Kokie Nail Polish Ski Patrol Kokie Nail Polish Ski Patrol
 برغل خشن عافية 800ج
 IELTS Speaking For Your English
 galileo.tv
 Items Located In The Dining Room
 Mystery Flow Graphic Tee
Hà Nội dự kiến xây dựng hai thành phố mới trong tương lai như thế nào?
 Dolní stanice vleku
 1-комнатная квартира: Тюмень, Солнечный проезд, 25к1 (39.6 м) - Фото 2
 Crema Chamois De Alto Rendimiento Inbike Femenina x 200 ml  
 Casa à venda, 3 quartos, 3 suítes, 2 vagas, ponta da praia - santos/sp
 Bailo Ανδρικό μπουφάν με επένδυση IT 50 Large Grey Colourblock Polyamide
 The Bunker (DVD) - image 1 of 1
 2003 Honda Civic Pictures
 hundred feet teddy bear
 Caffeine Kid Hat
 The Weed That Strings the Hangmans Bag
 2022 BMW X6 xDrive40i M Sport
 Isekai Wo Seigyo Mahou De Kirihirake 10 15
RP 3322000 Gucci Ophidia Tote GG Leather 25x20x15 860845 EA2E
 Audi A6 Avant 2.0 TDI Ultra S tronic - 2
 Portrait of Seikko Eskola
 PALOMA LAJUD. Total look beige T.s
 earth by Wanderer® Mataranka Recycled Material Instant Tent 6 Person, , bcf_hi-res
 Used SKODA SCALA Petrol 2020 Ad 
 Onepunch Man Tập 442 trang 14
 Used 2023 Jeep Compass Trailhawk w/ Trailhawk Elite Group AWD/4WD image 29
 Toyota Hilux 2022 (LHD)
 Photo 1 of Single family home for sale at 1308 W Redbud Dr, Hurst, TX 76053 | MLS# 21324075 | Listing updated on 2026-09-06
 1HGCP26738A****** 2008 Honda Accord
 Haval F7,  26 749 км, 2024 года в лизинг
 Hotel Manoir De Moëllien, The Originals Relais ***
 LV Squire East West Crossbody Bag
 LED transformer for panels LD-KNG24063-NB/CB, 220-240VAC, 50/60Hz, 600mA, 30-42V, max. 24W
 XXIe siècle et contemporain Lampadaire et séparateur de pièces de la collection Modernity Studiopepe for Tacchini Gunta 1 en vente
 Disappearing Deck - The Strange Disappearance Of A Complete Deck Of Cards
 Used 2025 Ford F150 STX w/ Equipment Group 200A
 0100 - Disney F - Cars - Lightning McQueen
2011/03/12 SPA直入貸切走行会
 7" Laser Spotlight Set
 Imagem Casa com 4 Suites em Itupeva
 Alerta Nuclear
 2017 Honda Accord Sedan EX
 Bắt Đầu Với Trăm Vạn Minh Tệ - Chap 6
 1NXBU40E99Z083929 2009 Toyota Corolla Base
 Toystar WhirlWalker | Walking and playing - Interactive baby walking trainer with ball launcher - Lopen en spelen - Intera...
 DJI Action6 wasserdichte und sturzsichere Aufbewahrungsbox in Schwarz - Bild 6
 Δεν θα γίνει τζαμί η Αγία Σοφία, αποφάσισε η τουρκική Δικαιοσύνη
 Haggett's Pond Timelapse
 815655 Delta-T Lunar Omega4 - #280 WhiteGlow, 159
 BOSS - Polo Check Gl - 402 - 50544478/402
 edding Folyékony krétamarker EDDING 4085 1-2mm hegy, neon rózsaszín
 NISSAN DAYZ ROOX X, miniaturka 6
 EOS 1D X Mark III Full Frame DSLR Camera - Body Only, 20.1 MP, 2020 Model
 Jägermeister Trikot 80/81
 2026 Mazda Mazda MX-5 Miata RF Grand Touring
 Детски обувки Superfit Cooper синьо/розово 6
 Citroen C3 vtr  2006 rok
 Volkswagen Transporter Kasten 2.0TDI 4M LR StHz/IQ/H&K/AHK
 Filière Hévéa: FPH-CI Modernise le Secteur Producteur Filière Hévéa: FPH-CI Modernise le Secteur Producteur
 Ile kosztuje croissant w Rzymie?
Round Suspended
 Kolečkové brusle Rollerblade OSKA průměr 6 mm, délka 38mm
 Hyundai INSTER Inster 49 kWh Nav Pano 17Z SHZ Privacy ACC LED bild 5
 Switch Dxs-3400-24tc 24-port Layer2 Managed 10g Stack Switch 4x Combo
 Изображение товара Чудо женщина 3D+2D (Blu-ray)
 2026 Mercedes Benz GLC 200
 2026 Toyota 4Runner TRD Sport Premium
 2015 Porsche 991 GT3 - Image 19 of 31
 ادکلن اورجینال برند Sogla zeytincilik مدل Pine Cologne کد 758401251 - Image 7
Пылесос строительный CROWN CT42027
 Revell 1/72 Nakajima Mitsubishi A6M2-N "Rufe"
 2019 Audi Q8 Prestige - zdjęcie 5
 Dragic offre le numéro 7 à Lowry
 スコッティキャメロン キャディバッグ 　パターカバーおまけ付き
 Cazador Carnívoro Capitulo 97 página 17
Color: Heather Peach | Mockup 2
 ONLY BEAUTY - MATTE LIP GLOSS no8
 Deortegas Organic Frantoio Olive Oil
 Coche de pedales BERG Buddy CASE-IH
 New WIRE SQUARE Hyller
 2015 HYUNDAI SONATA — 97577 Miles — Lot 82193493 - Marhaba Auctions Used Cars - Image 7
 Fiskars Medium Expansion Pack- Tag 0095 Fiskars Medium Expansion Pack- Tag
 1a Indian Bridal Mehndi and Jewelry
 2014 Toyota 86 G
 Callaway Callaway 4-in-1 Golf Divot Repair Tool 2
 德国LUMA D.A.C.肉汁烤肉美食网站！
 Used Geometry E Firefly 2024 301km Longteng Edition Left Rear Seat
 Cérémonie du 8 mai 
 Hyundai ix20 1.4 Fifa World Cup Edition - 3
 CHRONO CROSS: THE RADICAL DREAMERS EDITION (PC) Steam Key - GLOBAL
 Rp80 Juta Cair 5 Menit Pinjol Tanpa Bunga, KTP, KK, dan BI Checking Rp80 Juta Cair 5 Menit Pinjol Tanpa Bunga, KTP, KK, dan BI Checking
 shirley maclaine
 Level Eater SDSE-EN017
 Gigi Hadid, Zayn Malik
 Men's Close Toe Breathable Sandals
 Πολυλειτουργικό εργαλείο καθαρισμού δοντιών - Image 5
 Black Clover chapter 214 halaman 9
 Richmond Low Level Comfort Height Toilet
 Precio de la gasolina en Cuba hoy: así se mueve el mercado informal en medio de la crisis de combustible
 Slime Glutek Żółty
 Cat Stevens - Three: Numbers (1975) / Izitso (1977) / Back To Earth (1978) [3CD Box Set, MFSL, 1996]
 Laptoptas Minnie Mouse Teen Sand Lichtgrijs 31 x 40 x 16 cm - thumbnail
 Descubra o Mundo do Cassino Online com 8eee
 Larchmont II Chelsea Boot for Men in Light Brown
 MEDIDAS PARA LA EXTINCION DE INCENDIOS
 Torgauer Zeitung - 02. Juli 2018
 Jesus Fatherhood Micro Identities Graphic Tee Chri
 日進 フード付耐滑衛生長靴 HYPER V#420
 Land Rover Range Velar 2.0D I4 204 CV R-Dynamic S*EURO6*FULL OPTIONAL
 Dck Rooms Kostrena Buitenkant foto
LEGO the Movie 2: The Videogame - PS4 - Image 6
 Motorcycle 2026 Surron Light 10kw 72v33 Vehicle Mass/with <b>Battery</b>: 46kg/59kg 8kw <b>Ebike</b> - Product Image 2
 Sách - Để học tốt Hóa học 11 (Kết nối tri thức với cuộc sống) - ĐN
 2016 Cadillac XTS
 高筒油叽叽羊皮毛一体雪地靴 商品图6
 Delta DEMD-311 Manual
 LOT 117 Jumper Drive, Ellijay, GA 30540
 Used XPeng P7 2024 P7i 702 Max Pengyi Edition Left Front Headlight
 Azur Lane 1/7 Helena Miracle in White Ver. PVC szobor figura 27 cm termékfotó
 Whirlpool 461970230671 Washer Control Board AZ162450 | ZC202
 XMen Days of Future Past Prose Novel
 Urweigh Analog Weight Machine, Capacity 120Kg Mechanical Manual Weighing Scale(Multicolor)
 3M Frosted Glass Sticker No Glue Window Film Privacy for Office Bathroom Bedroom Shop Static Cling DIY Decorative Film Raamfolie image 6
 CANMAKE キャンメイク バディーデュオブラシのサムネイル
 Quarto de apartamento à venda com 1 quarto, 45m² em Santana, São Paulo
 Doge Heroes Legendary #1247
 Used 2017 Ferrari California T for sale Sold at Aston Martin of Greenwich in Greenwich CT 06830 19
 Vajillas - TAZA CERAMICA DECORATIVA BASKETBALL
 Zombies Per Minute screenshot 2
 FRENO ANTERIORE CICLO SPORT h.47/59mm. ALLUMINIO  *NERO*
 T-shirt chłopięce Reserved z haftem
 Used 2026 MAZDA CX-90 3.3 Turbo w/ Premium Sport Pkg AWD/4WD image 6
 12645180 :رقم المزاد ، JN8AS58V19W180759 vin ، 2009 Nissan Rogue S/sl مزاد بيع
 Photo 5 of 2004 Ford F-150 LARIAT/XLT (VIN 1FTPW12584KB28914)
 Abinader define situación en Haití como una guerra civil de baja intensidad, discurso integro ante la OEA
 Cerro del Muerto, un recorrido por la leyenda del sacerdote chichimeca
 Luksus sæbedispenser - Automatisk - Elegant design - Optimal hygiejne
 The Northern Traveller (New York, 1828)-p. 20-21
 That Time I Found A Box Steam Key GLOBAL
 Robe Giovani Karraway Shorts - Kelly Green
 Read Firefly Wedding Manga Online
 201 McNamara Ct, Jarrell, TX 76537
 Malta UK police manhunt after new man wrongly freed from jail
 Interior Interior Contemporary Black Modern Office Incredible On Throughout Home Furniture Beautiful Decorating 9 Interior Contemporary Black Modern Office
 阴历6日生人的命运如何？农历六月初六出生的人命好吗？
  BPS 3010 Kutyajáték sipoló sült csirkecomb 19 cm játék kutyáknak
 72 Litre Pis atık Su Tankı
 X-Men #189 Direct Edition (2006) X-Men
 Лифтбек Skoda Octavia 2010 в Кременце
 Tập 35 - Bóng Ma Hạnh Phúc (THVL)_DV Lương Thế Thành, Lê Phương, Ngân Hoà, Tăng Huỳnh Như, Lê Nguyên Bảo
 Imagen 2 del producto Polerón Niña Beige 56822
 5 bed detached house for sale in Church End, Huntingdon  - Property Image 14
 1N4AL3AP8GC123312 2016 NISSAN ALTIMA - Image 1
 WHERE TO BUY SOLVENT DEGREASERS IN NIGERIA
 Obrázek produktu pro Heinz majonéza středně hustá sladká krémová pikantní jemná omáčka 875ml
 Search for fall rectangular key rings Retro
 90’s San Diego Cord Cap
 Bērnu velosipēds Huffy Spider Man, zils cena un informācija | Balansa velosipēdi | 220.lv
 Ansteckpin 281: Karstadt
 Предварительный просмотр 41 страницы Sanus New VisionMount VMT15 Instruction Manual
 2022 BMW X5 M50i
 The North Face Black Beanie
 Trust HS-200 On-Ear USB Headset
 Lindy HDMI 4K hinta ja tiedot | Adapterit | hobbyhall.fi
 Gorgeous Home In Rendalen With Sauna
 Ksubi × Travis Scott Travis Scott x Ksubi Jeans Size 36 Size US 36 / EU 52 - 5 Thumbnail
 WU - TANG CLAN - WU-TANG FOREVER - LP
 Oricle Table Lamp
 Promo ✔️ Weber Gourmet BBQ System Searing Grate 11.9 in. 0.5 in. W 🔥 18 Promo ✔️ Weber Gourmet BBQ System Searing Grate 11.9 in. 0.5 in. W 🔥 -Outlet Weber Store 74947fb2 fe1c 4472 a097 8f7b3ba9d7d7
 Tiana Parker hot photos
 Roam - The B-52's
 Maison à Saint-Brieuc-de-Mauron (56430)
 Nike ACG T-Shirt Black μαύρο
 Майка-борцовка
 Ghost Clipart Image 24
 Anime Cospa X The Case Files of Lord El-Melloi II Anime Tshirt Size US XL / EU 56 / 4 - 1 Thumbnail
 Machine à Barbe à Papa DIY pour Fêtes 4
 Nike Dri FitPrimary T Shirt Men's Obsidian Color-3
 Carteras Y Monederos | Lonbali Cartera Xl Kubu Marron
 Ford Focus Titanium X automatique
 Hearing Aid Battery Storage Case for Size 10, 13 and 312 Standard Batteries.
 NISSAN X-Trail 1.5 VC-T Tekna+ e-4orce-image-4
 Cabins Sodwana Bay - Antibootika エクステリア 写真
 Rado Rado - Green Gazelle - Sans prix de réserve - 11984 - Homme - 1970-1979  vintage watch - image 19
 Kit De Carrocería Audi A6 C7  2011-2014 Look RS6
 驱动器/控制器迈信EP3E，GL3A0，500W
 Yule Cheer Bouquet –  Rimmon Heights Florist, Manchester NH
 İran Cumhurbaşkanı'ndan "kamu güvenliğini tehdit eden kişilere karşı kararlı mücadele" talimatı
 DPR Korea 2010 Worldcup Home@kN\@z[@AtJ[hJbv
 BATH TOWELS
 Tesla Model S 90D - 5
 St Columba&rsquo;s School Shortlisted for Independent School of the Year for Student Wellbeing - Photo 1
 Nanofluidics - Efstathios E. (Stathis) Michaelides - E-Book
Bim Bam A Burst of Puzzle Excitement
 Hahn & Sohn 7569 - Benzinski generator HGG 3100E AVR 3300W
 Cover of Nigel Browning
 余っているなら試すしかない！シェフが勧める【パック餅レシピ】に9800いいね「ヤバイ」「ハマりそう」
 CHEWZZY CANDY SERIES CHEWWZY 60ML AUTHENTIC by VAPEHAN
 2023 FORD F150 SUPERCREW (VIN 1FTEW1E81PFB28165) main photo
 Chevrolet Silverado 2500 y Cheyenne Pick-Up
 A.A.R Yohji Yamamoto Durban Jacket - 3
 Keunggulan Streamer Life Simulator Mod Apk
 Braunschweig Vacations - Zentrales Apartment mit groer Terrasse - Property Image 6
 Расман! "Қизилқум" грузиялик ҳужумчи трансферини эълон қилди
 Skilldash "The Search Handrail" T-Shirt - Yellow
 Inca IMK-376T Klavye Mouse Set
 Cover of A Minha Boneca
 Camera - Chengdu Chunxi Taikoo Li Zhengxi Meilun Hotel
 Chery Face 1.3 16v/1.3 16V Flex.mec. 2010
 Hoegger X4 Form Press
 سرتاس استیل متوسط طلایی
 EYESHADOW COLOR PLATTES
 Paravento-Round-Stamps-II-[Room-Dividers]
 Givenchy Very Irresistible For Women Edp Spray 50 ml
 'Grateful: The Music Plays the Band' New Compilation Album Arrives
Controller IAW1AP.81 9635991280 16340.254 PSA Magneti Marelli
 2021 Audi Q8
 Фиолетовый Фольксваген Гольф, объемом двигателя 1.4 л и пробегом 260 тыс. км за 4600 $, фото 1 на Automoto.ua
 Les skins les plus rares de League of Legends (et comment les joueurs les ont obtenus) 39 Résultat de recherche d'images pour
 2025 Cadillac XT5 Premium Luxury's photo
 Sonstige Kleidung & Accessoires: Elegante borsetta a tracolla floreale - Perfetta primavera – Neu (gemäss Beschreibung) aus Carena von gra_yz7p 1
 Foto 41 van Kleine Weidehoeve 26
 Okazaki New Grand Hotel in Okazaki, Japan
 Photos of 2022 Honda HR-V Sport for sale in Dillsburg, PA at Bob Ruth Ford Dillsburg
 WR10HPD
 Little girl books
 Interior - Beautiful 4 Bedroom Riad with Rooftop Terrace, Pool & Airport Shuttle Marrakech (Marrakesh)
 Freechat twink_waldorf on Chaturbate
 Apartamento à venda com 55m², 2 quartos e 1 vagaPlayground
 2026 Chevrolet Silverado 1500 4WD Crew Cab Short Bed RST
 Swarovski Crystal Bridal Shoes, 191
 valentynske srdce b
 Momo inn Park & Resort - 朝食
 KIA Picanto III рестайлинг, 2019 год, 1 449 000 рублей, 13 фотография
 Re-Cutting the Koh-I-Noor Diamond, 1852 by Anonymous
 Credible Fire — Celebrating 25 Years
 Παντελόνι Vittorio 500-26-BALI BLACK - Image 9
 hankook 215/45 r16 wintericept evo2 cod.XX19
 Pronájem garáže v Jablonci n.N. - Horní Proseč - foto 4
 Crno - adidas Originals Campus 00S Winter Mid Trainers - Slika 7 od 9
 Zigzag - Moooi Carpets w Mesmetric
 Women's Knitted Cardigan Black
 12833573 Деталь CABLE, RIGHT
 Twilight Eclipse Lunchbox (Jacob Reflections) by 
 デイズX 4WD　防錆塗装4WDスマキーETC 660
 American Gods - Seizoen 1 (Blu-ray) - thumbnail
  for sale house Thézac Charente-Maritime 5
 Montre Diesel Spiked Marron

#### YOUR GOAL
When the line with "Switch Dxs-3400-24tc 24-port" is reached in the data above, start copying there, and copy each line exactly until the line with "Revell 1/72 Nakajima" has been copied; copy nothing else.

#### RESPONSE AREA
 Switch Dxs-3400-24tc 24-port Layer2 Managed 10g Stack Switch 4x Combo
 Изображение товара Чудо женщина 3D+2D (Blu-ray)
 2026 Mercedes Benz GLC 200
 2026 Toyota 4Runner TRD Sport Premium
 2015 Porsche 991 GT3 - Image 19 of 31
 ادکلن اورجینال برند Sogla zeytincilik مدل Pine Cologne کد 758401251 - Image 7
Пылесос строительный CROWN CT42027
 Revell 1/72 Nakajima Mitsubishi A6M2-N "Rufe"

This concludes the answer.